Pour la deuxième approche, appliqué au cas plus simple de la classification sur le type de vin (rouge, blanc, rosé ou effervescent), les algorithmes supervisés ayant montré les meilleures performances sont le Support Vector Classifier et la Régression Logistique, qui parviennent à 75% de bonnes classifications sur notre base de test.

La mise en bouteille, c’est pour quand ?

Si les preuves de concept sont encourageantes, nous sommes encore loin de voir cette fonctionnalité apparaître sur Marmiton (désolé, pour ce réveillon il faudra se creuser la tête pour ne pas fâcher Mamie). Au-delà des problématiques dues au développement de la fonctionnalité sur l’application et à l’hébergement des modèles, différentes étapes peuvent et doivent être mises en place avant de pouvoir lancer un produit.

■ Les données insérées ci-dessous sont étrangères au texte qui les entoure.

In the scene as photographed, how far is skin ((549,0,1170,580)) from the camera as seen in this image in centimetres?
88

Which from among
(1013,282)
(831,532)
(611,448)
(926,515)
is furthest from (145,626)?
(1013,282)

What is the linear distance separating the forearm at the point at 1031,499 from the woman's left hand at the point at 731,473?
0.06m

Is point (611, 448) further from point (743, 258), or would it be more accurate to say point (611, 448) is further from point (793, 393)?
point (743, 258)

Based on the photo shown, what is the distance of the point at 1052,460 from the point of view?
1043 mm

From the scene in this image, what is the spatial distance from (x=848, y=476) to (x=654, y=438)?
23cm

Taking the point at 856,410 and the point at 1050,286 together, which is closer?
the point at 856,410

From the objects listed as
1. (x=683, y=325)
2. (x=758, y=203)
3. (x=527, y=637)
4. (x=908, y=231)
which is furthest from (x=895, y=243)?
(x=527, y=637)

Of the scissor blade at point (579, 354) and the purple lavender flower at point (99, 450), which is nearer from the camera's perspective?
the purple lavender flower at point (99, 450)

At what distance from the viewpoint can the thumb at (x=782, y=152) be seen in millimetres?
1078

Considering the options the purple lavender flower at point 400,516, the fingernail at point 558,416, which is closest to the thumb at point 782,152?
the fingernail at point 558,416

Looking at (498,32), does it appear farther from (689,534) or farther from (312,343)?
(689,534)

D’un point de vue algorithmique, le système de recommandation a été évalué partiellement sur la pertinence des recettes similaires proposées mais pas sur l’accord de bouteille obtenu : l’analyse de retours d’utilisateurs permettrait de mieux apprécier la qualité de nos recommandations – et par la même occasion, l’appétence des clients pour ce type de service ! -, tout comme l’évaluation de la qualité des recommandations par un sommelier professionnel. D’autres techniques de NLP peuvent être mises en place pour améliorer la précision ou exploiter d’autres attributs de notre base de données (analyse de sentiments et d’intentions dans la description des vins notamment). Enfin, la base de données pourrait être étendue pour de meilleures performances algorithmiques : la data augmentation, en modifiant certains ingrédients mineurs des recettes, est une piste envisageable.

D’un point de vue business et juridique, selon l’appétence des utilisateurs le modèle de génération de revenus doit être pensé et des accords passés afin de se procurer les droits sur l’usage des données (le scrapping n’est pas légal à des fins commerciales). La suggestion de bouteilles de vin doit également être légalement encadrée pour éviter des accusations de “parasitisme” (une atteinte à l’image d’un produit en voulant utiliser son image de marque, par exemple ici si une bouteille de prestige est associée à un repas “banal”).

D’un point de vue éthique, enfin, la recommandation de bouteilles d’alcool peut inciter à la consommation d’alcool : il faut se conformer aux lois en vigueur sur ces questions de santé publique pour proposer les recommandations dans un format en adéquation avec celles-ci.